Tom O'Bedlam's Night Out and Other Strange Excursions
- Cover of Tom O'Bedlam's Night Out and Other Strange Excursions
- Author: Darrell Schweitzer
- Illustrator: Stephen E. Fabian
- Cover artist: Stephen E. Fabian
- Language: English
- Genre: Fantasy
- Publisher: W. Paul Ganley
- Publication date: 1985
- Publication place: United States
- Media type: Print (hardcover)
- Pages: 191 p
- ISBN: 0-932445-15-2
- OCLC: 13335003

= Tom O'Bedlam's Night Out and Other Strange Excursions =

1985 collection of short stories by Darrell Schweitzer

Tom O'Bedlam's Night Out and Other Strange Excursions is a collection of dark fantasy short stories by American writer Darrell Schweitzer.
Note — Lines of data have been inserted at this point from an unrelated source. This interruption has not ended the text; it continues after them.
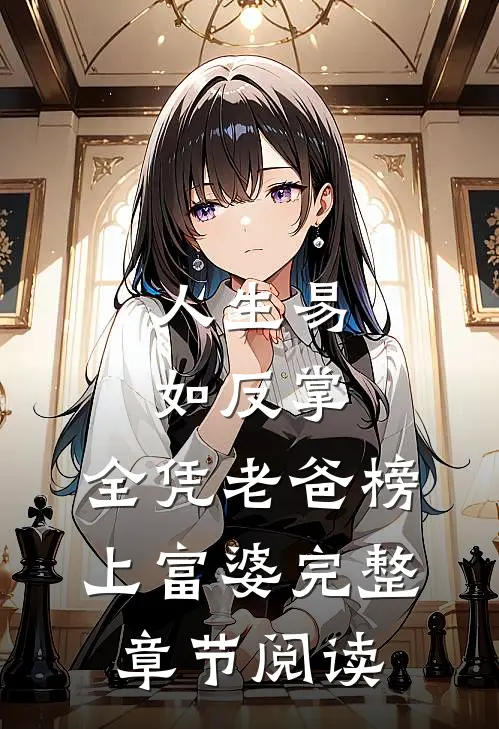 人生易如反掌，全凭老爸榜上富婆完整章节阅读
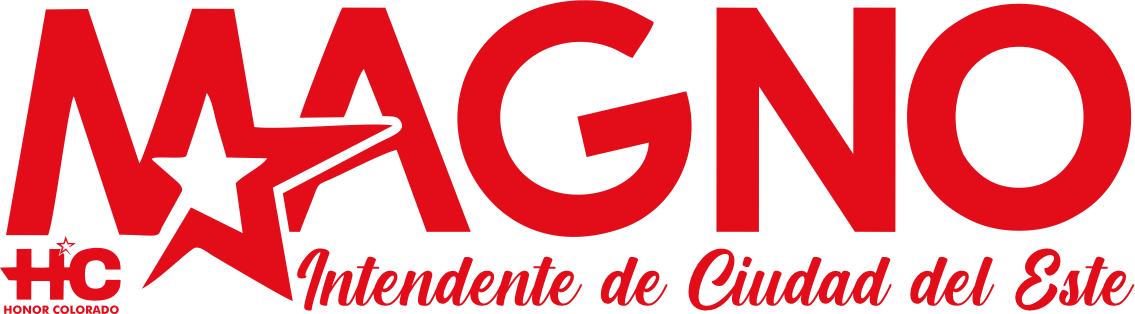 Magno — Intendente de Ciudad del Este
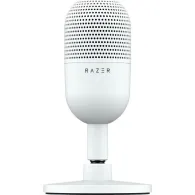 Microfon razer seiren v3 mini white usb frecventa raspuns 20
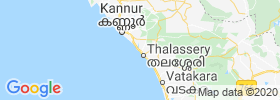 Dharmadam map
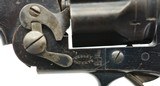 Webley WG Model 1892 Revolver Belonging To Maj. Rhodesian Constabulary - 9 of 15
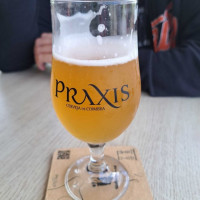 Praxis Beer food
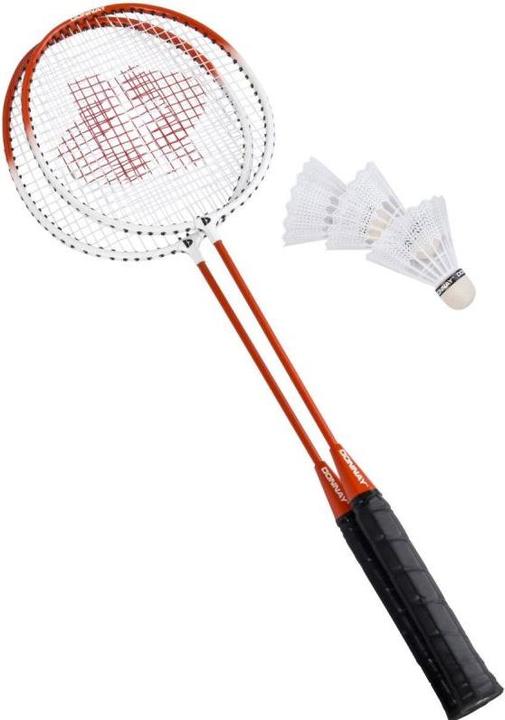 Produktbild Donnay Badmintonset (Nicht bespannt)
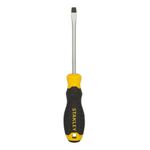 Chave_Emborrachada_Cushiongrip_Fenda_Plana_Com_Ponta_Imantada_1/4x4"_Ref.STMT60826840_Stanley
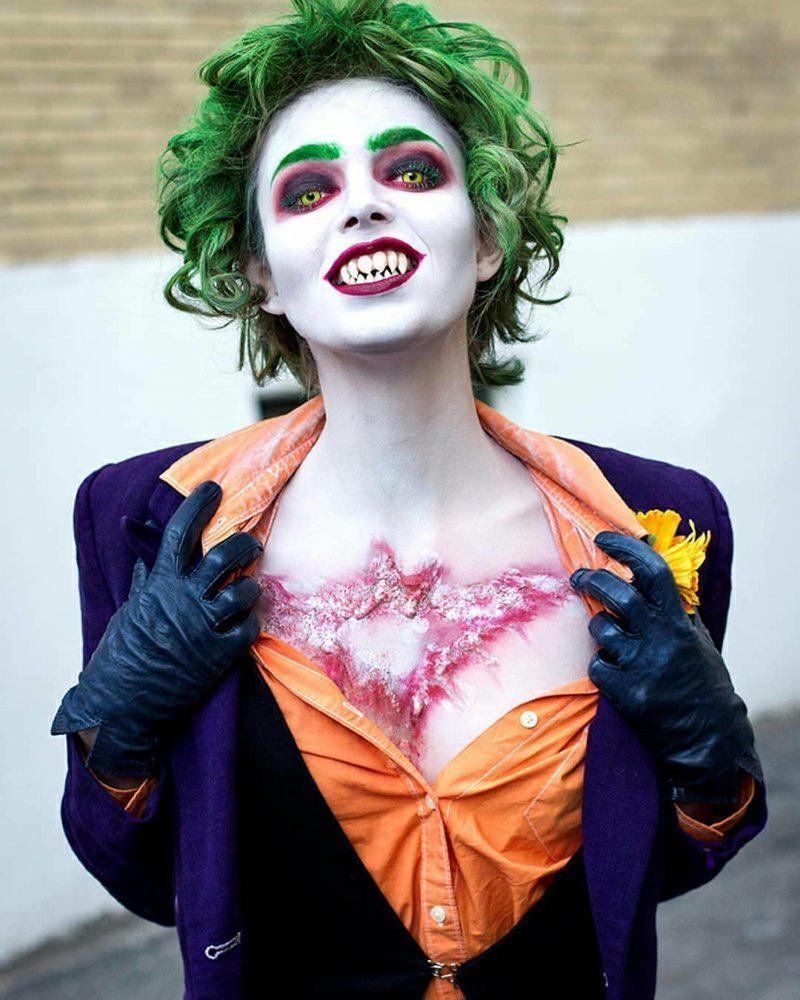 Joker Autors: matilde Apskaties, kā izskatītos populāru filmu varoņi, ja to lomas atveidotu sievietes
It was first published in hardcover and trade paperback by W. Paul Ganley in November 1985. An electronic edition was published by Necon E-Books in December 2012 as no. 20 of its Necon Classic Horror series. The copyright statement of the Necon edition states that it "incorporates the author's final revisions and should be regarded as definitive."

==Summary==
The collection consists of nineteen early works of the author; three tales about legendary madman Tom O'Bedlam followed by two in the far future setting of his novel The Shattered Goddess and collection Echoes of the Goddess and thirteen other stories (one a collaboration with John Gregory Betancourt) and a poem. Most of the pieces were originally published from 1973-1985 in various speculative fiction magazines and anthologies; the remainder are original to the collection.

==Contents==
- "Tom O'Bedlam's Night Out" (from Fantastic v. 26, no. 3, September 1977)
- "Raving Lunacy" (from Amazing Stories v. 55, no. 2, July 1981)
- "Continued Lunacy" (from Amazing Science Fiction v. 56, no. 5, March 1983)
- "The Story of a Dadar" (from Amazing Science Fiction Stories v. 56, no. 1, June 1982)
- "A Lantern Maker of Ai Hanlo" (from Amazing Stories v. 58, no. 2, July 1984)
- "The Story of Obbok" (from Whispers no. 2, December 1973)
- "The Outcast" [poem] (from Eerie Country no. 4, 1980)
- "The Pretenses of Hinyar" (from Amra v. 2, no. 69, January 1981)
- "The Story of the Brown Man" (from Fantasy Crosswinds no. 1, January 1977)
- "The Last of the Shadow Titans" (from Amazing Stories v. 59, no. 2, July 1985)
- "The Stranger from Baal-Ad-Theon"
- "The Bermuda Triangle Explained"
- "The Adventure in the House of Phaon"
- "The Last Child of Masferigon" (with John Gregory Betancourt)
- "A Vision of Rembathene" (from Fantasy Crossroads no. 10/11, March 1977)
- "Jungle Eyes" (from Rod Serling's The Twilight Zone Magazine v. 5, no. 2, May/June 1985)
- "Sunrise" (from Pulpsmith, Winter 1983)
- "The Game of Sand and Fire" (revised from "A Part of the Game" from The Dragon no. 51, 1981)
- "The Wings of the White Bird" (from Myrddin no. 4, 1978)

==Reception==
The collection was reviewed by William F. Touponce in Fantasy Review, June 1986, Neal Wilgus in Science Fiction Review, Winter 1986, John Gregory Betancourt in Fantasy Book, March 1987, and Stefan Dziemianowicz in Crypt of Cthulhu no. 48, St. John's Eve 1987.